5 minute read
Automated underwriting
The rise of the bionic underwriter
The media is awash with articles discussing digital transformation and the importance of data in decision making. The industry is being convinced of the benefits of turning insurance from an analogue into a digital market – ‘it’ll be quicker and will reduce costs’. But can we be confident that the market is truly ready for such an approach and is it what’s best for the market? Andrew Yeoman, CEO of insurtech, Concirrus, considers what automation might mean for the market and the people working in it
With a growing appetite for operating efficiency, the insurance market has reached a point where a natural next step is that of automation. The availability of vast new sources of data, more advanced data analytics and digital tools opens a world of potential benefits for both insurers and their customers.
However, automated underwriting is a change that strikes at the very heart of a traditional insurance business. Rather than it being a utopian technology that will solve every business problem, it is a tool that can, where applicable, help make better decisions faster.
No-one would want to have a job that could be done better by a computer yet there are many such tasks in each and every insurer that could be automated. Take submissions for example. With hundreds of submissions a day, automation technology can review those submissions without human involvement and triage them against a set of criteria.
Technology can analyse the proposed premium versus the technical price of the risk and assess on past performance whether this is a broker that they are likely to bind with. This is technology that leaves you in control but takes away mundane tasks with ease.
If a risk meets your criteria, that you control, the binding process can also be automated. More business can be written with the same amount of resource and this ultimately improves operating efficiency and protects jobs.
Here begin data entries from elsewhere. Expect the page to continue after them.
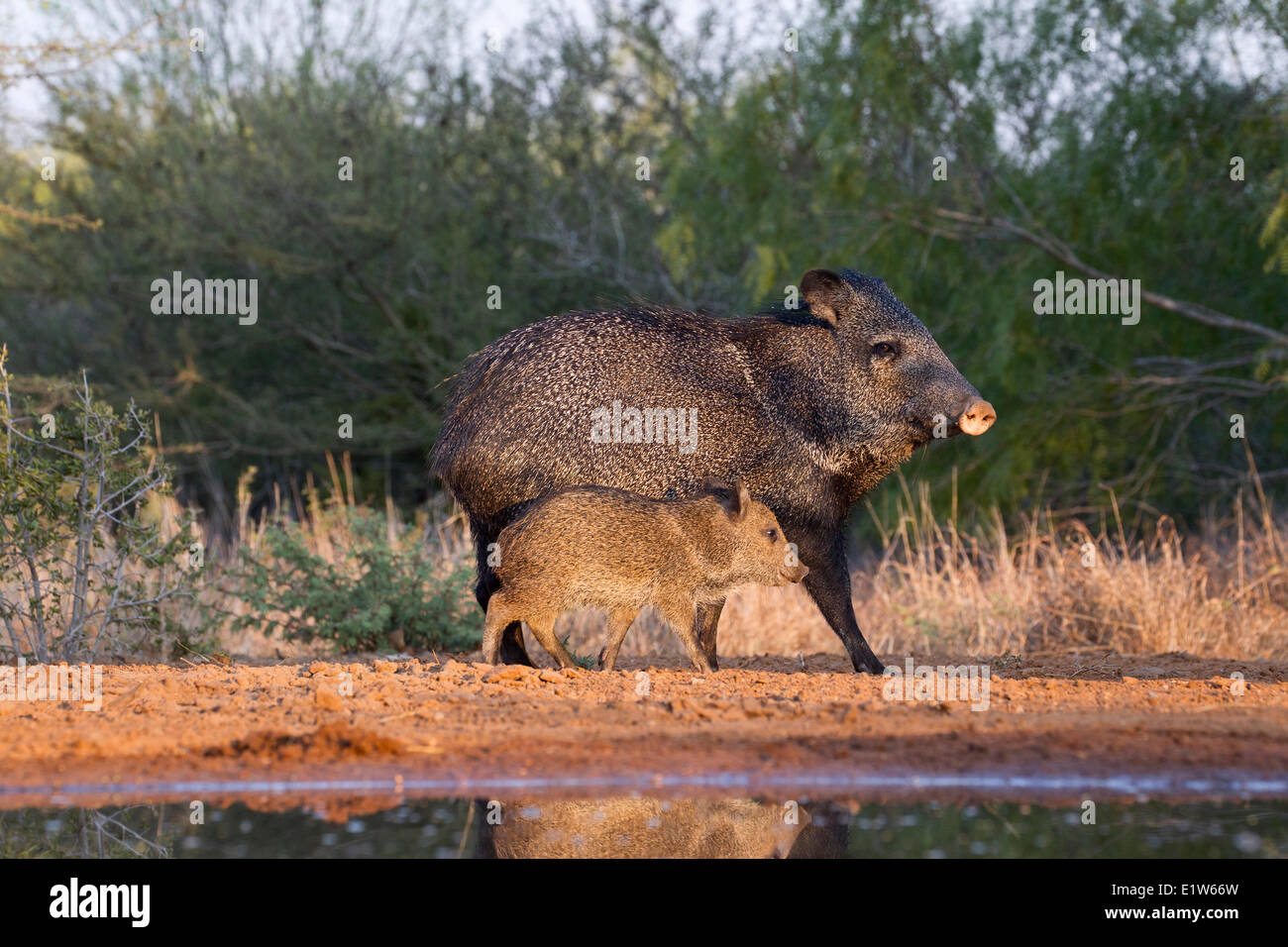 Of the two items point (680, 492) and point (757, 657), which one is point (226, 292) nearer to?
point (757, 657)

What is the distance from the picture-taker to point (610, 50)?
63.1 ft

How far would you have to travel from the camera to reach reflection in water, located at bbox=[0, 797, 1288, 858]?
12.5ft

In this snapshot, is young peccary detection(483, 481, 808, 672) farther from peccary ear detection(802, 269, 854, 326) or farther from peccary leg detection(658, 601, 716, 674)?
peccary ear detection(802, 269, 854, 326)

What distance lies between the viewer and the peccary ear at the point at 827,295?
23.4ft

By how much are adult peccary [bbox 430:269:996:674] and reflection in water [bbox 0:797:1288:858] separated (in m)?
2.52

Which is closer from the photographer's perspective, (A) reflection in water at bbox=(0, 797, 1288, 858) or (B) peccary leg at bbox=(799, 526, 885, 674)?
(A) reflection in water at bbox=(0, 797, 1288, 858)

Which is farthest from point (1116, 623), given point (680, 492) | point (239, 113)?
point (239, 113)

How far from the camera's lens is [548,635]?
6574mm

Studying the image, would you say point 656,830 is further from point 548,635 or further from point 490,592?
point 490,592

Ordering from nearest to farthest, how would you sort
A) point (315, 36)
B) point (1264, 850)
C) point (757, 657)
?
point (1264, 850) < point (757, 657) < point (315, 36)

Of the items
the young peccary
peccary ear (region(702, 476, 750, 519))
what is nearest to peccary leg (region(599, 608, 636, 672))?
the young peccary

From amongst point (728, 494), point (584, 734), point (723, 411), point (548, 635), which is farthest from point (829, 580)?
point (584, 734) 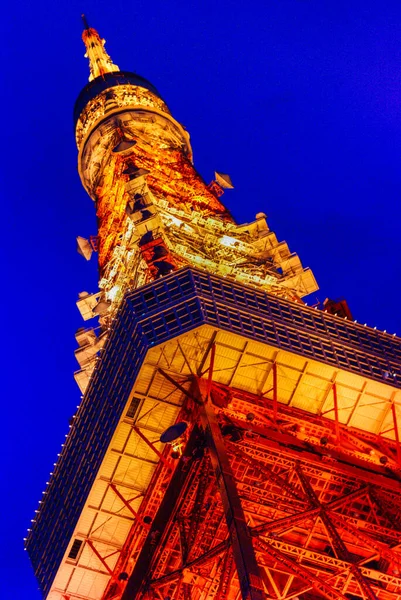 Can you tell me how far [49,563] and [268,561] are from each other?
1020cm

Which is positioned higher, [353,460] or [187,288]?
[187,288]

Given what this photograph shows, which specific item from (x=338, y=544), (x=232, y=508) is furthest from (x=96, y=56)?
(x=232, y=508)

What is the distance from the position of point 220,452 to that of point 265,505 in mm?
4419

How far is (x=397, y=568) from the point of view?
1639 inches

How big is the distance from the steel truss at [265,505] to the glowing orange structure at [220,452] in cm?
8

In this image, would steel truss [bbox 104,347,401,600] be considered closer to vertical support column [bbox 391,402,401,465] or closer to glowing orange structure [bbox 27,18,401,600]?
glowing orange structure [bbox 27,18,401,600]

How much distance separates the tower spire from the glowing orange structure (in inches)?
2557

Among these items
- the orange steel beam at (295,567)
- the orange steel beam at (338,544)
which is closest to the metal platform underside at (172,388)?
the orange steel beam at (338,544)

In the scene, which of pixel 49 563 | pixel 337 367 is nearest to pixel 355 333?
pixel 337 367

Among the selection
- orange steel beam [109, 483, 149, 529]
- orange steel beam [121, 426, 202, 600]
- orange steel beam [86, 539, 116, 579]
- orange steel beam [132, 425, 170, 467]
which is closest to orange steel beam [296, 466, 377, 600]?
orange steel beam [121, 426, 202, 600]

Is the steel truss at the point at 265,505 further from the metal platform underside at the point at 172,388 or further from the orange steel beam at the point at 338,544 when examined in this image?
the metal platform underside at the point at 172,388

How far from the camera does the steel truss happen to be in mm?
37125

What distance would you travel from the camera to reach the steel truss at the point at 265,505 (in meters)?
37.1

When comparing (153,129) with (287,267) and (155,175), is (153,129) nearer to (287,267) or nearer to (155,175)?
(155,175) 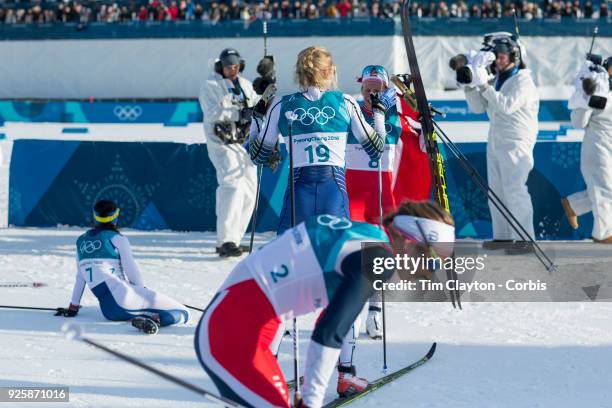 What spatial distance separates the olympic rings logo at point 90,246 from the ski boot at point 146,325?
26.1 inches

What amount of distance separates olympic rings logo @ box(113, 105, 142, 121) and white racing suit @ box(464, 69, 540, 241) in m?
20.3

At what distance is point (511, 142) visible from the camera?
424 inches

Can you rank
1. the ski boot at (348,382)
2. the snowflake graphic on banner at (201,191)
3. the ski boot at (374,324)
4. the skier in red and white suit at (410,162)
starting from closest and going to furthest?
1. the ski boot at (348,382)
2. the ski boot at (374,324)
3. the skier in red and white suit at (410,162)
4. the snowflake graphic on banner at (201,191)

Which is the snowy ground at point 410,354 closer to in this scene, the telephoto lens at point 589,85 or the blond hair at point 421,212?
the blond hair at point 421,212

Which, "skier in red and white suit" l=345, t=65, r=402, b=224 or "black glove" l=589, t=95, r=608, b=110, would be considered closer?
"skier in red and white suit" l=345, t=65, r=402, b=224

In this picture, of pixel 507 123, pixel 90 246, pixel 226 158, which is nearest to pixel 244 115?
pixel 226 158

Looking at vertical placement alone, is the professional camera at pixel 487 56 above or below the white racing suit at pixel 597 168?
above

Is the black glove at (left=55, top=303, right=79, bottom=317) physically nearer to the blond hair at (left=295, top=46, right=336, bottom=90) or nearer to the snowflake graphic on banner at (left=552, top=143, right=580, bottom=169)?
the blond hair at (left=295, top=46, right=336, bottom=90)

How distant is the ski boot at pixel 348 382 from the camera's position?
577cm

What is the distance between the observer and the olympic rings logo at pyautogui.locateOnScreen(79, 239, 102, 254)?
773cm

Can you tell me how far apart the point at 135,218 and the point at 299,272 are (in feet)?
27.7

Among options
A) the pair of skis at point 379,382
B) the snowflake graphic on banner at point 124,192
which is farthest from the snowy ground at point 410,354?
the snowflake graphic on banner at point 124,192

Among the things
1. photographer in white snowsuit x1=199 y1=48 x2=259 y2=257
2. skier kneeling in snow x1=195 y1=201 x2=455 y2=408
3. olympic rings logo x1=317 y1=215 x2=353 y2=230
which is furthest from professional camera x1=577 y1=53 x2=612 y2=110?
olympic rings logo x1=317 y1=215 x2=353 y2=230

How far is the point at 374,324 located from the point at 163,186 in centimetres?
571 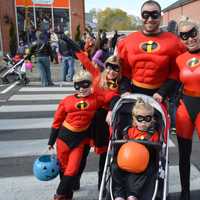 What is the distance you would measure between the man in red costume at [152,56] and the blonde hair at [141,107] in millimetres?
281

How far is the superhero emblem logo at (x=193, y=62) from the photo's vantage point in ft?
12.0

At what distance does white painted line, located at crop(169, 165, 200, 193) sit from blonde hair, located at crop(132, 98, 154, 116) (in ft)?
4.38

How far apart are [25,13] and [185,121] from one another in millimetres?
26248

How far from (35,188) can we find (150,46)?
7.14 feet

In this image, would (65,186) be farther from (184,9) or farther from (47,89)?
(184,9)

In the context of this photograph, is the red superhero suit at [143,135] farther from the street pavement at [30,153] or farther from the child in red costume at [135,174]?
the street pavement at [30,153]

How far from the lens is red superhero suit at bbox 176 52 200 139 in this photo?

Automation has a huge part to play in better managing the manual processes that currently characterise underwriting and claims. Hundreds of hours are being spent on reading documents, attachments and emails to then key and rekey that data. With the use of automation technology, those hours can turn into minutes. This frees up time that can be given to tasks which uniquely require the underwriter’s experience and skillset to the benefit of the company.
IS THE MARKET READY?
Candidly, this is an existential need. The ‘digital future’ for the market is not optional, it is where we will end up. At an individual level, it is natural to be concerned as we enter this ‘brave new world’. But simply put, if we don’t do it, it will be done to us. Technology fuelled competition is entering the market with advantageous expense ratios. Automation can drive efficiency and this efficiency is necessary to ensure that the market thrives.
Rather than automation being perceived as threatening the fundamentals of the industry, the reality is that it is a tool that should be embraced to improve the efficiency of the market.
Arguably, the role of the underwriter is changing, in the best possible way.
Insurers can reap a number of benefits by using the tools

Andrew Yeoman Concirrus
and benefits that automation can deliver. The first is giving underwriters time back to leverage that wealth of experience where it can make the most impact. The time freed from the tasks that can be assumed by automation can be spent where it truly leverages the talents of the team in negotiating the nuances of complex risks.
LONG ROAD AHEAD
Each insurer CEO we talk to has a clear mandate to reduce expense ratios, increase return on capital, and leverage technology for an operating advantage.
However, the burden of proof for the ROI of an automation solution and the ease of implementation lies with the vendors, not the insurers. We, the vendors, live every day in a technology ‘bubble’ and it’s our responsibility to understand our customers’ business and translate technology capability to business advantage.
Underwriting is set to undergo a fundamental change with data-fuelled, algorithmic-powered solutions maturing from only being capable of handling simple risks to coping with more complex risks.
BIONIC UNDERWRITERS
The underwriters of tomorrow will be bionic (a phrase coined by BCG) and digital technologies will seamlessly interact with traditional processes. We’re used to this in our personal lives using Siri, Alexa, Amazon, Monzo and the like, solutions that we interact with and make us more productive. Now is the time for these solutions to come into the workplace.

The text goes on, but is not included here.